Fourth Way Perspectives

Book Review
Believers, Prophecies & The Evil One
Journeys in Islamic Countries

by J. G. Bennett
Bennett Books, 243 pp.


J.G. Bennett, Gurdjieff, Fourth Way, Islamic

Written nearly fifty years ago, J.G. Bennett's account of an eleven-week journey he took to Turkey, Iraq, Syria and Armenia gives a prescient view of many aspects of the Islamic way of life the West faces today. Setting out in late September 1953, Bennett's zeal, openness, knowledge and ability to speak Turkish opened many doors which otherwise would have remained closed. He met with mullahs, Sufis, dervishes, Yezidis and charlatans and in so doing a new appreciation of Mr. Gurdjieff emerged.

"Only since I have been here," Bennett writes, "have I begun to understand what a stupendous undertaking it was for Gurdjieff to bring the Work to Europe. He was thoroughly and completely an Asiatic, and yet he boldly turned his back on Asia at the age of forty-nine."

The mullahs and Sufis, he comes to realize, "have far less than we have learned from Gurdjieff about methods of inner work. They make up by the intensity and continuity of their work for the more effective methods we have been taught." Living more in essence, they don’t have to contend with the veil of personality that Westerners must. "On the other hand," Bennett says, "essence can be lazy and self-indulgent."

A man of the modern world, he has difficulty accepting the ideas of polygamy and veiling. A man can have four wives (girls being eligible for marriage at eleven to fourteen) and can divorce them simply by repeating his displeasure four times. Some men keep their wives only until they reach fifteen or sixteen.
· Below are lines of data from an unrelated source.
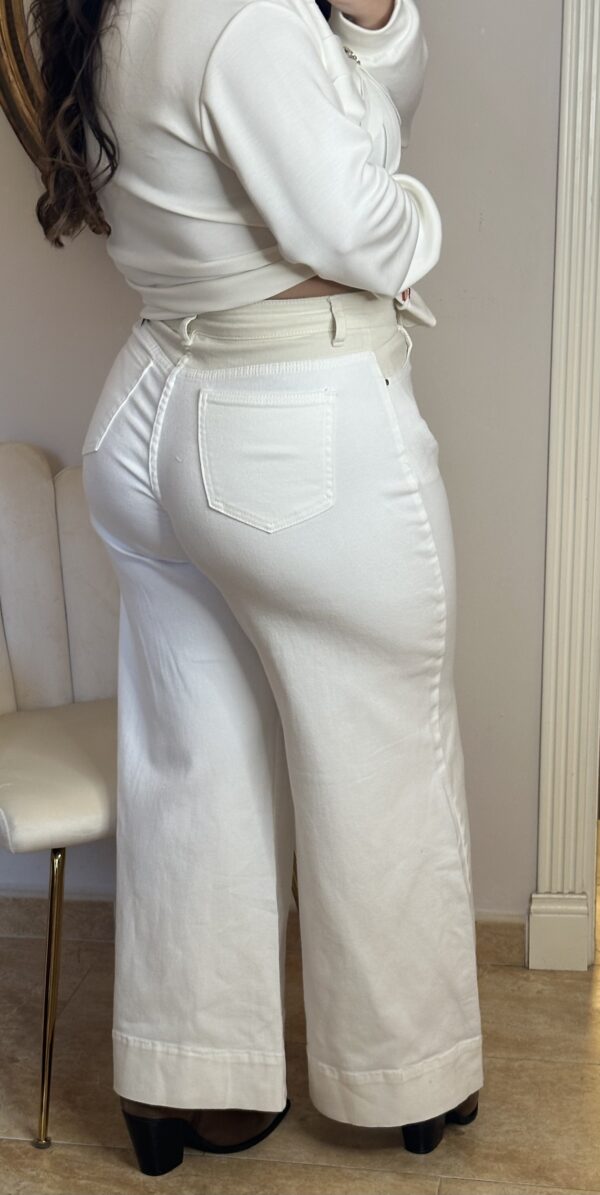 Pantalón Palazzo Beige Combinado - Imagen 3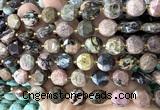 CCB2368 15 inches 12mm faceted coin rhodonite gemstone beads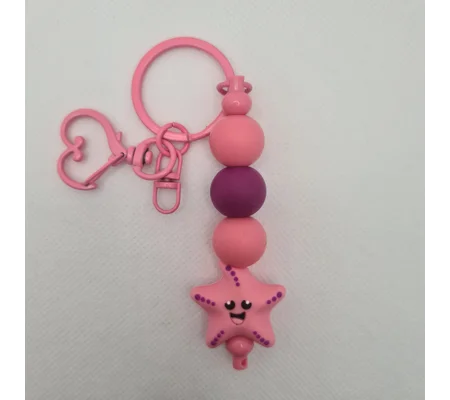 Starfish Silicone Bead Keychain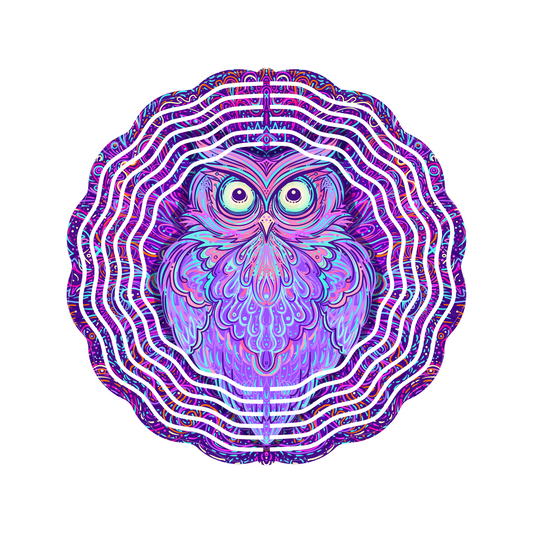 Purple Owl Metal Wind Spinner 8", Yard Art, Garden Art, Sun Catcher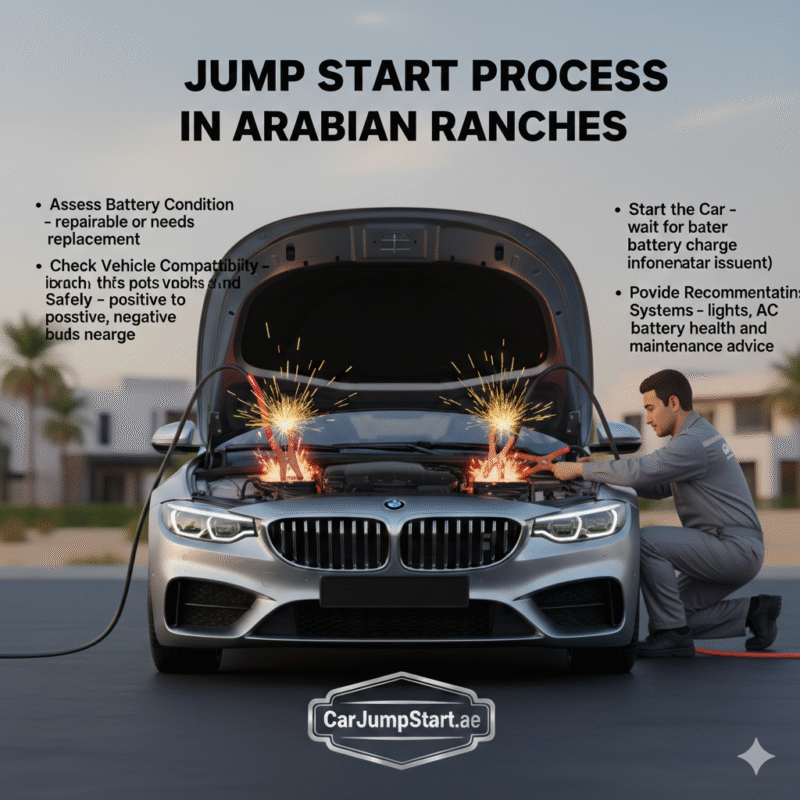 "Jump Start Process in Arabian Ranches showing a technician jump-starting a car with key steps displayed on the sides and a professional brand logo."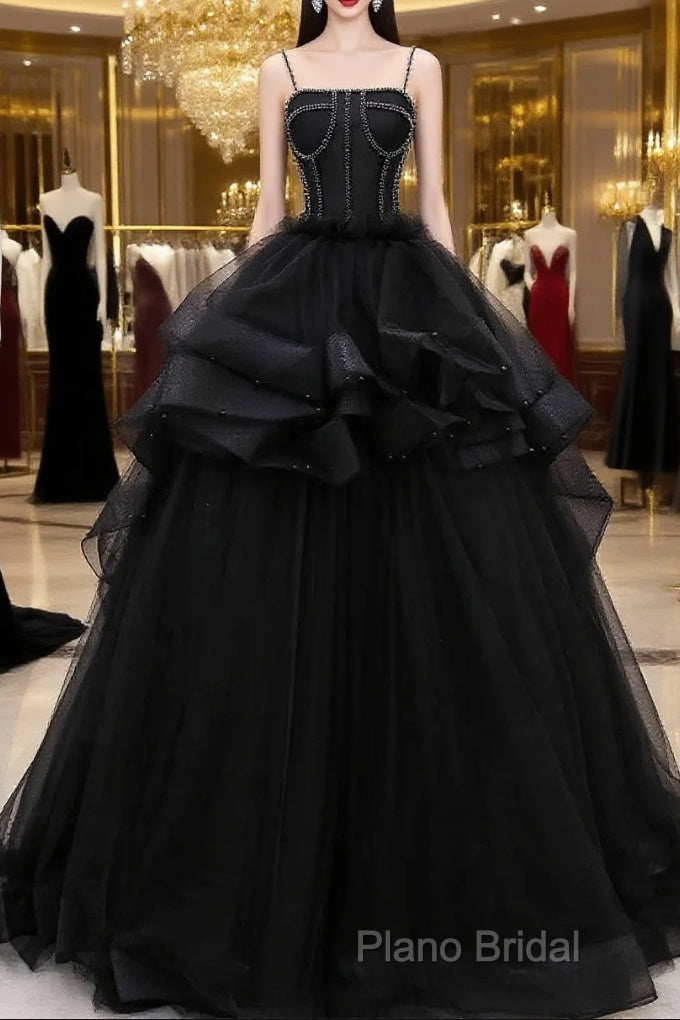 Black Straps Beaded Scoop Tulle Long Formal Dresses, Black Tulle Sweet 16 Dresses Main image
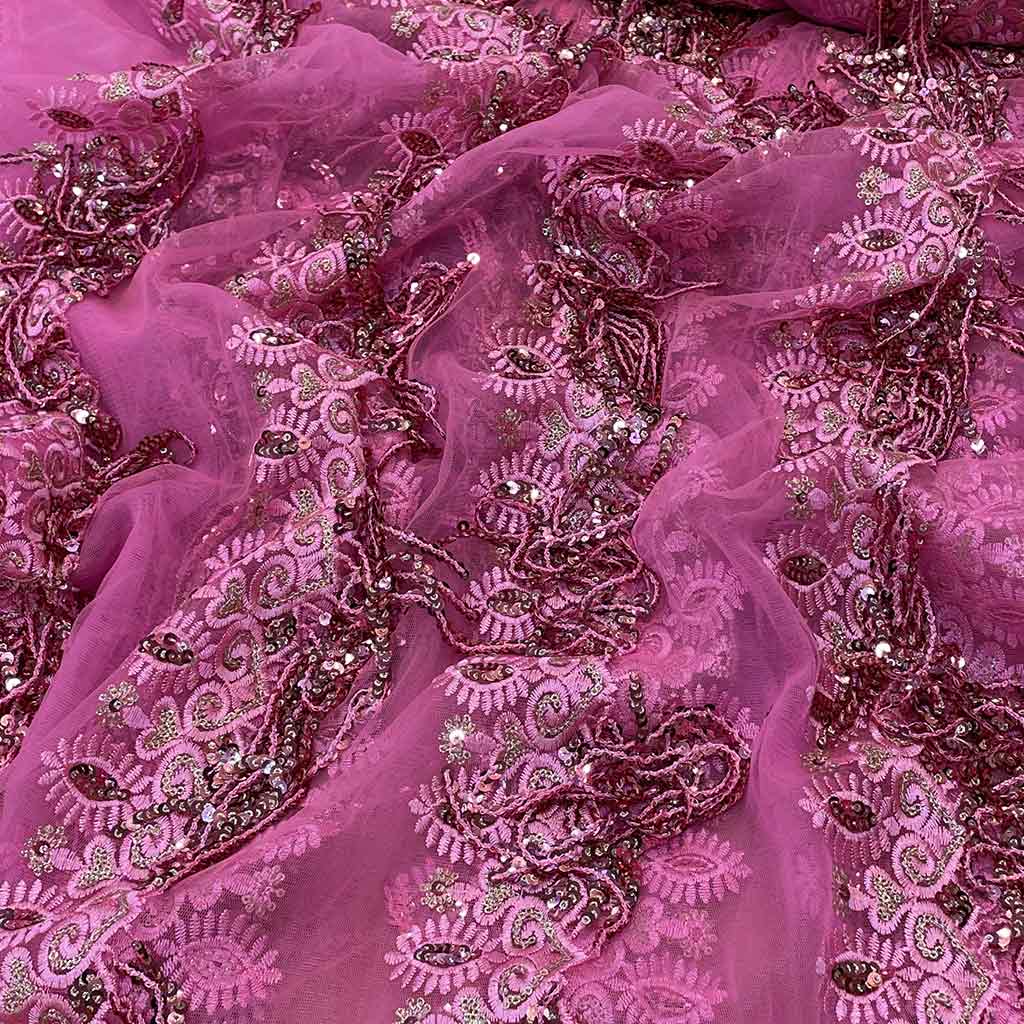 پارچه گیپور ریسه ای صورتی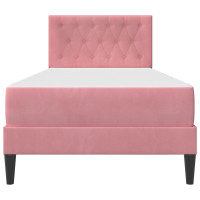 Produktbild för Sängram med madrass med huvudgavel Rosa 100 x 200 cm Sammet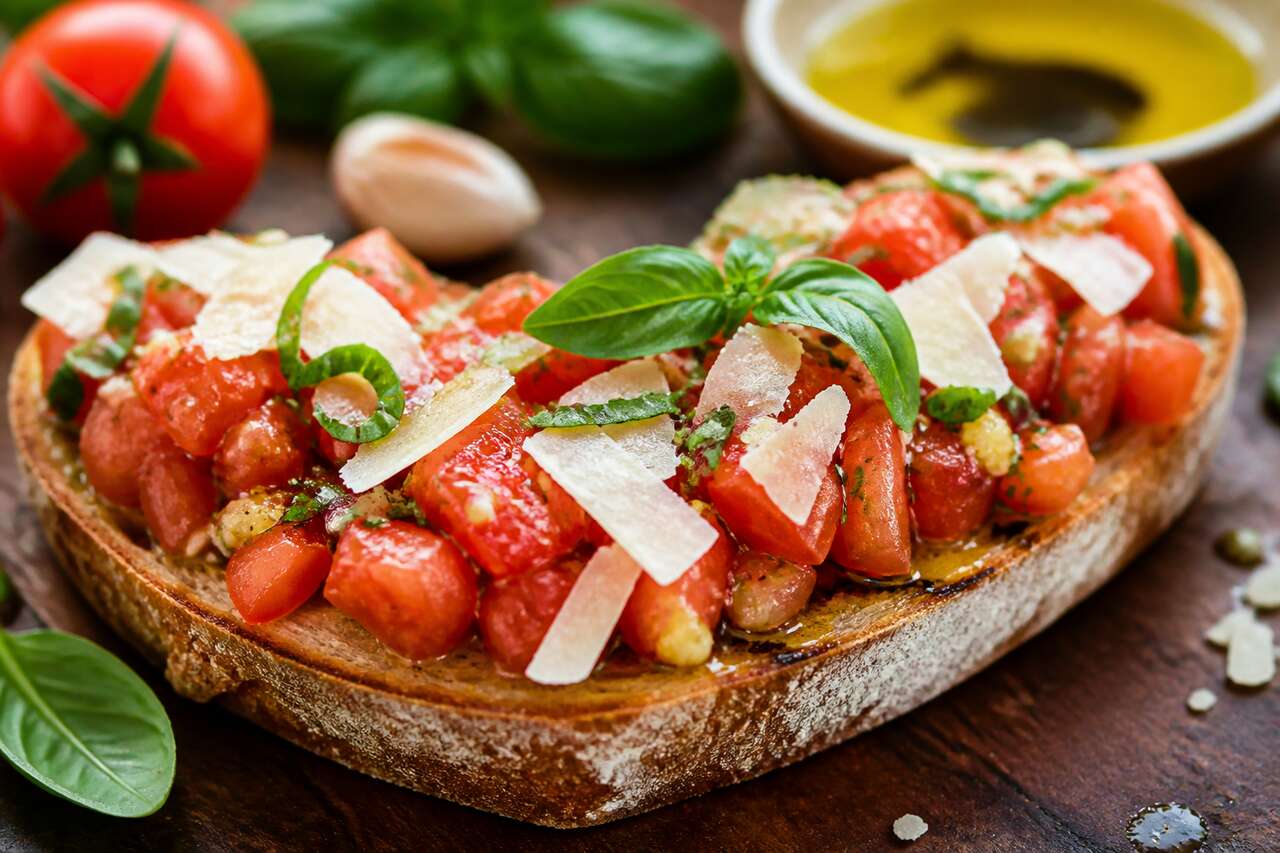 Recette bruschetta tomate et parmesan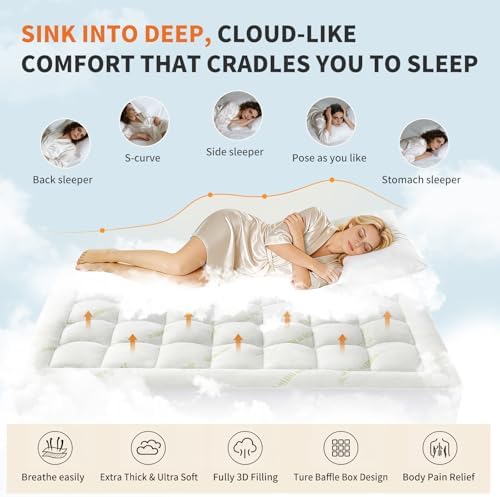 Sweetcrispy Twin Size Cooling Bamboo Mattress Topper - Image 2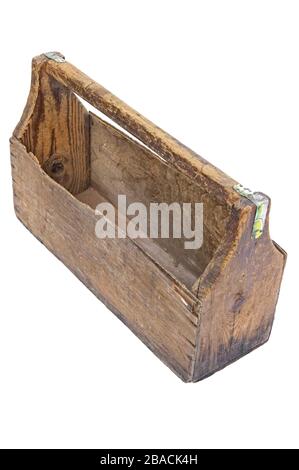 Empty Vintage WoodenTool Box.  Isolated on a white background. Stock Photo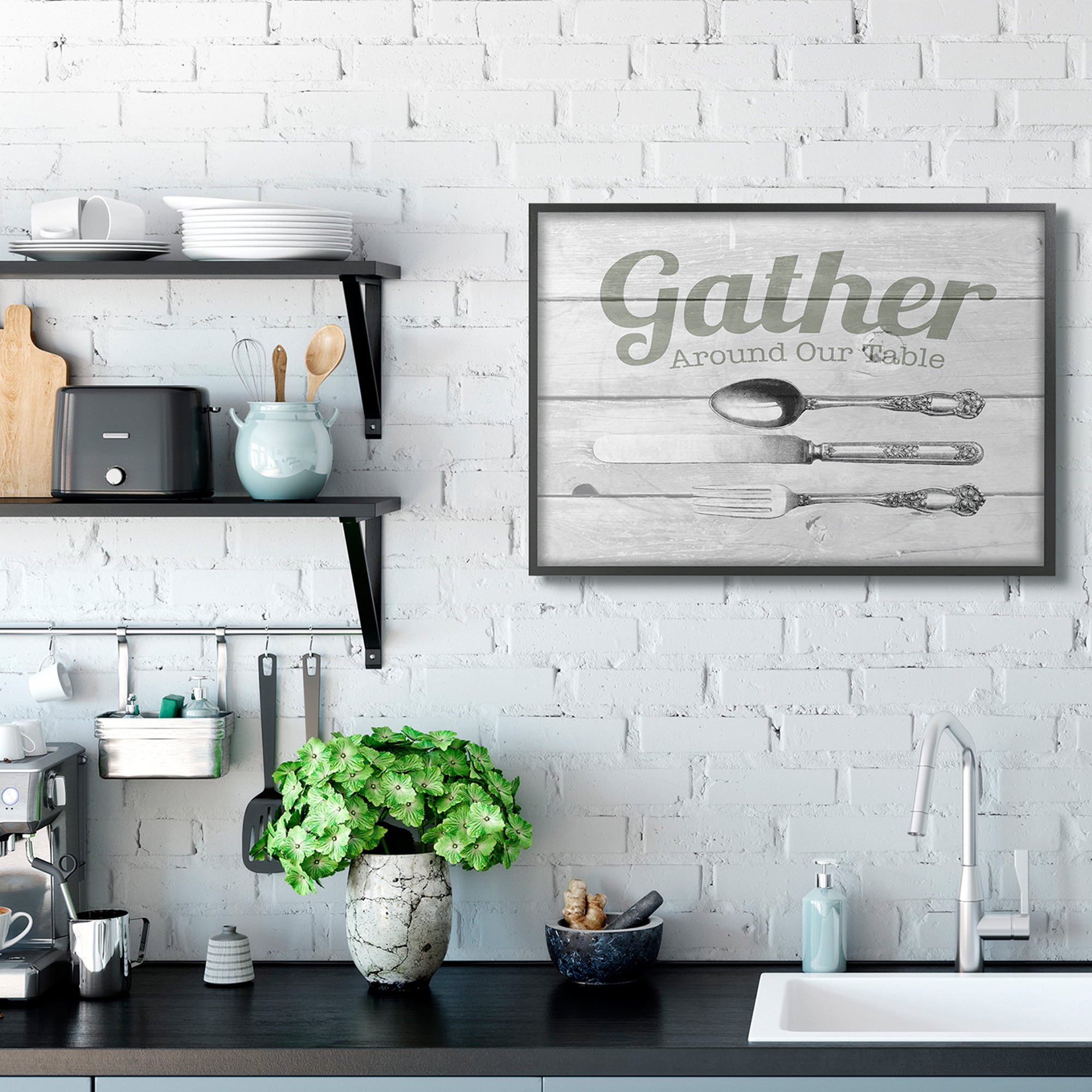 Stupell Industries Gather Silverware Kitchen Wood Texture Word Design Graphic Art Black Framed Art Print Wall Art, 24x30, by The Saturday Evening Post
In the Koranic doctrine of reward and retribution—wherein each person has an angel on each shoulder, the angel on the right recording the good deeds, the angel on the left the bad—Bennett recognizes that it is "almost word for word that of [Gurdjieff's] King Konuzion." He marvels that Gurdjieff could bring to the West a teaching that cuts directly to the roots of our problems, seeing that it had the power and scale to become "a world teaching."

In Adana, Turkey, Bennett meets with an old Turkish acquaintance, Hassan Effendi, a Naq’shbandi dervish, who speaks of the three-fold nature of man—body, spirit and soul—and the seven gradations possible for man, from the first level of animal to the sixth of established spirit. The seventh, that of the Messengers, is attained not by works but by birth.

In the Last Days

In Damascus, Bennett meets the dervish Emin Bey who believes in the Second Coming of Christ in which Christ will return to earth and reign for forty days to give a dispensation of Love and Justice. During this time He will separate the good from the bad and will empower those who have devoted themselves to God’s service. The dervish tells Bennett that in the Koran and in the sayings of the Prophet it is said that the world will be divided into two powers. They will engage in a war in which only those who have served God will not perish. According to Emin Bey, the Prophet said that in the last days before the Second Coming people would turn away from religion and act toward one another like beasts. The last sign would be when the Jews take possession of the holy places of Jerusalem and after that would come the world war. "In the Koran," Bey says, "it is prophesied that one day women would cease to cover themselves and would expose men to every kind of temptation. As a result, the work of self-perfecting would almost disappear from the world and the rule of the Evil One would begin. When that will happen, it will be a sign that the last days of this Epoch are approaching and Armageddon is imminent."